La “Pietà” (foto di Matteo Vercelli) all’ultimo sbarco di profughi al porto di Cagliari. Due volti, due sguardi che valgono più di mille discorsi o patetici, rozzi comizi sulla questione “accoglienza ai migranti“.
Gli occhi della mamma, dignitosa e fiera del suo fagottino, sono quelli di chi ha visto la morte in faccia e ancora non crede sia possibile un futuro di serenità e di pace. Quelli di questa “mascotte” sono di chi sogna, di chi si abbandona alla felicità, si affida all’abbraccio sicuro e leale del suo salvatore.
Abbiamo tutti davanti agli occhi quelle immagini che, ormai, non ci scalfiscono più di tanto. Puntini neri fra le onde del Mediterraneo: bambini, donne, uomini che cercano di sopravvivere ma che, soprattutto, continueranno ad arrivare.
Ricacciare i migranti – ha quasi urlato Papa Francesco, la voce rotta dall’emozione e dall’orrore – è un atto di guerra, di quella Terza Guerra Mondiale che si sta combattendo, davanti ai nostri occhi, “spezzata” in una miriade di conflitti, molti dei quali silenziati all’opinione pubblica.
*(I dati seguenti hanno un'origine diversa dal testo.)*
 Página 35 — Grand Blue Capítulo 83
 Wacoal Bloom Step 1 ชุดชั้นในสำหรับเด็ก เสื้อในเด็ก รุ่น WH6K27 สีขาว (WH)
Ricordando i profughi Rohingya, il Papa ha detto: «Sono stati cacciati via da un Paese e da un altro e da un altro ancora… e vanno per mare. Quando arrivano in un porto o su una spiaggia danno loro un po’ d’acqua o un po’ da mangiare e li ricacciano via sul mare. Questo è un conflitto non risolto. È una guerra, questo si chiama violenza, si chiama uccidere».